Start at the top line and retype the data exactly through to the end.

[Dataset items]
━━━

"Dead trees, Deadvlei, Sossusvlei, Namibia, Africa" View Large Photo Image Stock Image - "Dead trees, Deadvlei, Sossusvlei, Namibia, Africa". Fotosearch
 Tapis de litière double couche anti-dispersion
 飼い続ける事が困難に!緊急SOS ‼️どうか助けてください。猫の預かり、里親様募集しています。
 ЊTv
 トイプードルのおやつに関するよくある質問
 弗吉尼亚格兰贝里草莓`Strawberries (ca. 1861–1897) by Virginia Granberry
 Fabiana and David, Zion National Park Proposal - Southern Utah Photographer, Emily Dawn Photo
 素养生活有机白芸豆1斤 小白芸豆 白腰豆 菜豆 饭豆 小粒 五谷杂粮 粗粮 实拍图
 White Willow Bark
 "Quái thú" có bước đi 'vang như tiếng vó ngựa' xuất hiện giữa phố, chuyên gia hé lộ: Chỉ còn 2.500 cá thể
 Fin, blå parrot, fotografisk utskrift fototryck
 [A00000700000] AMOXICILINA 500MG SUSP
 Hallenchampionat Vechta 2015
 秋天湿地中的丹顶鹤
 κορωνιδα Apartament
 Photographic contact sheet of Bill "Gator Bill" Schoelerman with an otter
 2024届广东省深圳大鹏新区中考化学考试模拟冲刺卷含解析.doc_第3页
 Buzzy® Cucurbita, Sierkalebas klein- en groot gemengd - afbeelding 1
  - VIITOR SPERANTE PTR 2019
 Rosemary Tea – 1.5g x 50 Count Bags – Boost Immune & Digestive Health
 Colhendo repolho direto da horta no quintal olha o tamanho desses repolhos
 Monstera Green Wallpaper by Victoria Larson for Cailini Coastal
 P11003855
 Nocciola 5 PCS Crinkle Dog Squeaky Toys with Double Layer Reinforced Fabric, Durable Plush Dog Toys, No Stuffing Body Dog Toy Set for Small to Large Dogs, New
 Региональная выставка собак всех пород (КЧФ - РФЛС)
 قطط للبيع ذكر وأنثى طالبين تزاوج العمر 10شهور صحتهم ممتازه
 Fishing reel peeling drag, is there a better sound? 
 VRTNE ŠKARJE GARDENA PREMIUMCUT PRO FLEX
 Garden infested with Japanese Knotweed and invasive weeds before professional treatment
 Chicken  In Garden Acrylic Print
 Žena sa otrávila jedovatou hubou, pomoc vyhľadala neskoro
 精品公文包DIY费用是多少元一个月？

━━━

- Final answer:
"Dead trees, Deadvlei, Sossusvlei, Namibia, Africa" View Large Photo Image Stock Image - "Dead trees, Deadvlei, Sossusvlei, Namibia, Africa". Fotosearch
 Tapis de litière double couche anti-dispersion
 飼い続ける事が困難に!緊急SOS ‼️どうか助けてください。猫の預かり、里親様募集しています。
 ЊTv
 トイプードルのおやつに関するよくある質問
 弗吉尼亚格兰贝里草莓`Strawberries (ca. 1861–1897) by Virginia Granberry
 Fabiana and David, Zion National Park Proposal - Southern Utah Photographer, Emily Dawn Photo
 素养生活有机白芸豆1斤 小白芸豆 白腰豆 菜豆 饭豆 小粒 五谷杂粮 粗粮 实拍图
 White Willow Bark
 "Quái thú" có bước đi 'vang như tiếng vó ngựa' xuất hiện giữa phố, chuyên gia hé lộ: Chỉ còn 2.500 cá thể
 Fin, blå parrot, fotografisk utskrift fototryck
 [A00000700000] AMOXICILINA 500MG SUSP
 Hallenchampionat Vechta 2015
 秋天湿地中的丹顶鹤
 κορωνιδα Apartament
 Photographic contact sheet of Bill "Gator Bill" Schoelerman with an otter
 2024届广东省深圳大鹏新区中考化学考试模拟冲刺卷含解析.doc_第3页
 Buzzy® Cucurbita, Sierkalebas klein- en groot gemengd - afbeelding 1
  - VIITOR SPERANTE PTR 2019
 Rosemary Tea – 1.5g x 50 Count Bags – Boost Immune & Digestive Health
 Colhendo repolho direto da horta no quintal olha o tamanho desses repolhos
 Monstera Green Wallpaper by Victoria Larson for Cailini Coastal
 P11003855
 Nocciola 5 PCS Crinkle Dog Squeaky Toys with Double Layer Reinforced Fabric, Durable Plush Dog Toys, No Stuffing Body Dog Toy Set for Small to Large Dogs, New
 Региональная выставка собак всех пород (КЧФ - РФЛС)
 قطط للبيع ذكر وأنثى طالبين تزاوج العمر 10شهور صحتهم ممتازه
 Fishing reel peeling drag, is there a better sound? 
 VRTNE ŠKARJE GARDENA PREMIUMCUT PRO FLEX
 Garden infested with Japanese Knotweed and invasive weeds before professional treatment
 Chicken  In Garden Acrylic Print
 Žena sa otrávila jedovatou hubou, pomoc vyhľadala neskoro
 精品公文包DIY费用是多少元一个月？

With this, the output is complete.